The Tape: Gamecocks’ rally uses middle lane

Posted by JOSH KENDALL on October 28, 2013 

USC wide receiver Bruce Ellington looks for space downfield after a catch in Saturday’s victory against Missouri.

GERRY MELENDEZ — gmelendez@thestate.com

Center screens, deep passes down the heart of the field fuel win

In the second half that saved South Carolina’s season, three plays stood out.

All three, a review of the game by The State revealed, came as a result of the Gamecocks’ decision to attack the middle of the field during a 27-24 double overtime win against Missouri.

On the first play, South Carolina trailed 17-0 early in the fourth quarter and faced a third-and-19 from the Tigers’ 25-yard line when quarterback Connor Shaw threw a short screen pass to Mike Davis who picked up the 19 yards and set up South Carolina’s first score.

Pity Missouri defensive end Michael Sam, who knew the play was coming. Sam had sacked Shaw for a 9-yard loss and came off the field to get a break. As he stood on the sideline, he could be seen screaming, “Watch the screen.”

“And he’s right,” ESPN analyst Matt Millen said as Davis rumbled down the field.

South Carolina didn’t throw its first inside screen to Davis until the 11:54 mark of the third quarter, but he finished with 84 yards on seven inside screen receptions. On the final scoring drive in regulation, he caught three screen passes for 36 yards.

The middle of the field against Missouri’s predominantly Cover 2 zone defense (with two safeties deep and aligned toward the outside of the field) turned out to be fertile ground for the Gamecocks’ comeback. On the drive after the first touchdown, Shaw found tight end Jerell Adams down the middle for 25 yards to give South Carolina a first-and-goal at the 9.

“This is what (Dylan) Thompson couldn’t find all night long,” Millen said. “In that two deep, the middle deep is wide open.”

The next drive, wide receiver Bruce Ellington got the ball rolling with a 20-yard catch in the deep middle.

“The same spot they are attacking … there is no one there,” Millen said.

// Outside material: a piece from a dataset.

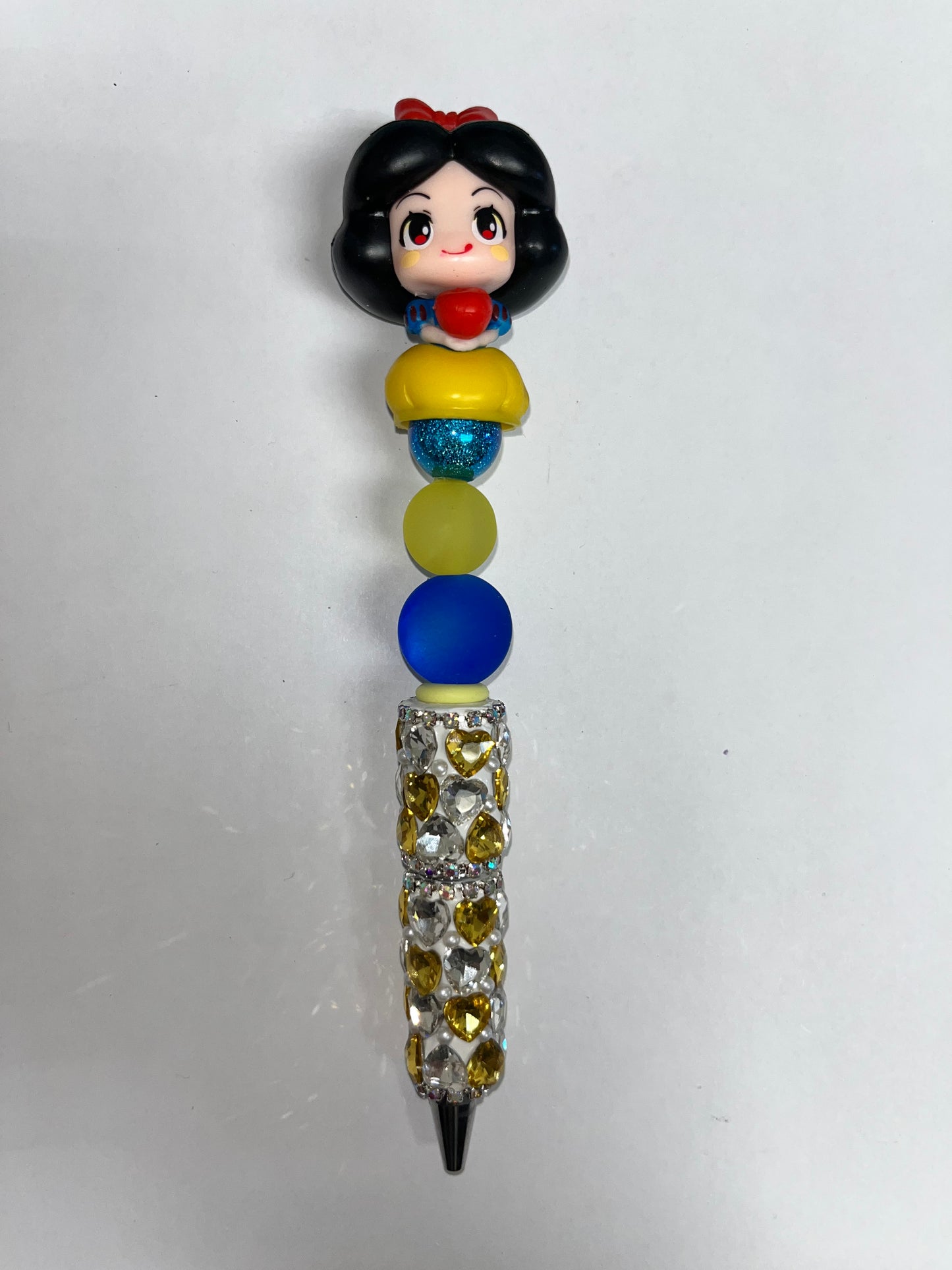 Snow White Heart Rhinestone Pen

Combined, Shaw and Thompson were 19-of-24 for 273 yards throwing to the middle of the field and 16-of-32 for 150 yards throwing to the outside.

Other observations from The Tape:

•  Like everyone else, the game’s announcers were impressed with Shaw.

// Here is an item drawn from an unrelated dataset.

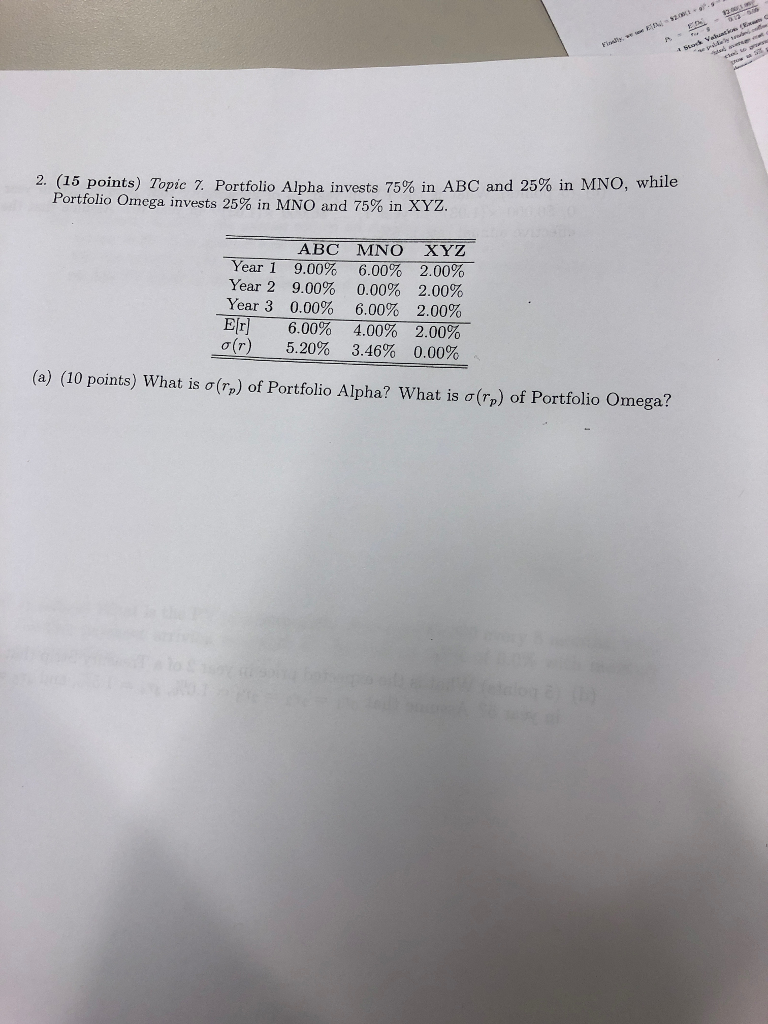 Solved 2 15 Points Topic Z Portfolio Alpha Invests 75 In Chegg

“One thing I know about Connor Shaw, he’s a tough sucker,” Millen said.

•  On both of Davis’ two fumbles, he was holding the ball too low, not exceptionally low but not high enough either, and Missouri’s players ripped it out with one hand.

“There is no excuse for that,” Millen said. “You have to be able to secure the ball at all times.”

Missouri is one of the nation’s best at forcing turnovers. Saturday was the Tigers’ FBS-record 38th straight game of forcing a turnover, and they’re tied for seventh in the country this year with 21 takeaways.

•  Thompson overthrew at least six passes before being replaced by Shaw, but he also had success working the middle of the field, completing 7-of-8 for 128 yards. USC threw to the middle of the field 16 times when Shaw was in the game.

At one point Millen said of Thompson, “the footwork there is just awful.”

Missouri ran a lot of run blitzes, and they worked. The Gamecocks averaged 2.1 yards per carry.

•  USC rotated linebackers less against Missouri than in the previous two games. Kaiwan Lewis and Marcquis Roberts started the game, ending a streak of three straight starts by T.J. Holloman at middle linebacker. Lewis finished with one tackle (and one interception), and the Gamecocks’ four linebackers at the middle and weakside positions combined for eight tackles.

•  Defensive tackle Kelcy Quarles had his best game of the season, notching six tackles, including three for loss. Defensive end Jadeveon Clowney finished with five tackles.

“When you put the tape on, one thing becomes abundantly clear, when (Clowney) wants to play, there is no one better,” Millen said. “That guy decided to play last week, and he put on a show.”